Si de reflexionar se trata, digamos que hemos asistido a una campaña sucia de pensamiento, palabra, obra y omisión. Entre partidos y dentro de cada partido. Las bodegas del Titanic fueron un tórrido secarral al lado de las filtraciones que hemos visto, oído y leído en las últimas semanas y la actividad electoral se ha pergeñado en ministerios, despachos, tribunales, comisarías y redacciones. Ha sido más barriobajera que callejera.

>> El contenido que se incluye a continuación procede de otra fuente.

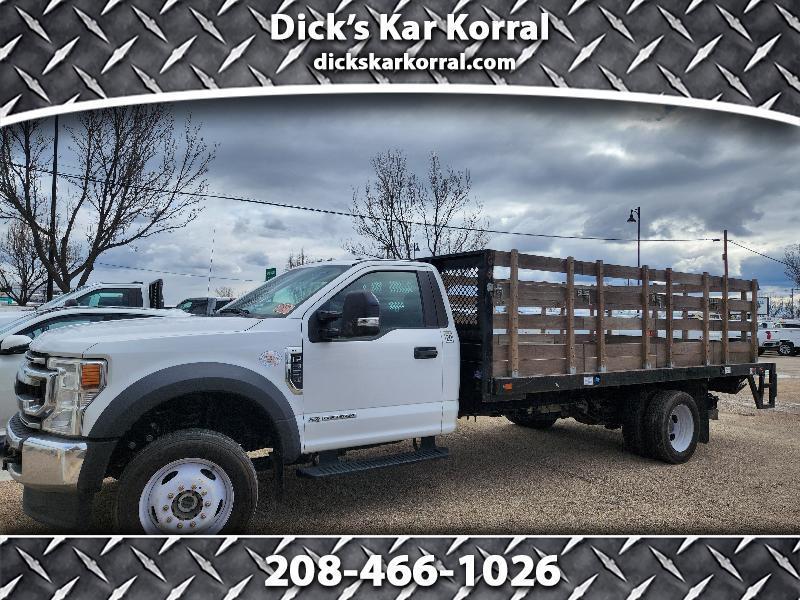 2021 Ford F-550 Super Duty Chassis Cab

Pero la campaña electoral no empezó hace quince días sino hace justo un año, en mayo de 2014, con la abrupta irrupción de Podemos y el severo castigo al bipartidismo en las elecciones europeas. Y lo peor es que tampoco acabó este sábado ni acabará en La Moncloa, allá por el otoño o el invierno. Esta es la campaña de Sísifo, condenado al tormento de empujar ladera arriba una gran piedra que, poco antes de llegar a la cima, cae rodando ladera abajo, de nuevo al valle de partida. Eternamente. Durante la campaña más larga jamás vivida abdicó un rey ante un Gobierno débil que le permitió todo y nada bueno le sugirió, dimitió un líder de la oposición, cundió hasta la náusea la corrupción, se convirtió a periódicos en sede política, rodaron cabezas molestas, se practicaron detenciones de telediario y se abandonó por completo la idea que el poder está al servicio del ciudadano.

Puede que las cosas cambien cuando nos toque elegir a los titulares que han querido pasar por teloneros: Albert Rivera, Mariano Rajoy, Pedro Sánchez o Pablo Iglesias. ¿Será ese el cartel? De momento, nadie se atreve a dibujarlo al completo.

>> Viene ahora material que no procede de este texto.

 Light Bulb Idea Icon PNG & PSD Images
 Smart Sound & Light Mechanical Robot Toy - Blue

Sufrido el caso andaluz que, como preveíamos, nos ha llevado en volandas a las municipales y autonómicas sin boda y sin novios, también es posible que nos plantemos ante las elecciones generales sin saber de qué pie cojea cada cual. Si la prudencia –o picaresca– ha evitado que los partidos se retrataran con Susana Díaz figúrense lo que puede pasar tras las autonómicas, en la bocacalle de las generales. Si los resultados electorales acaban siendo lo ajustados que parecen preparémonos para el día de la marmota andaluza, las mociones de censura, los transfuguismos y toda suerte de navajeo post y pre electoral y de nuevo post y, ya digo, así como Sísifo.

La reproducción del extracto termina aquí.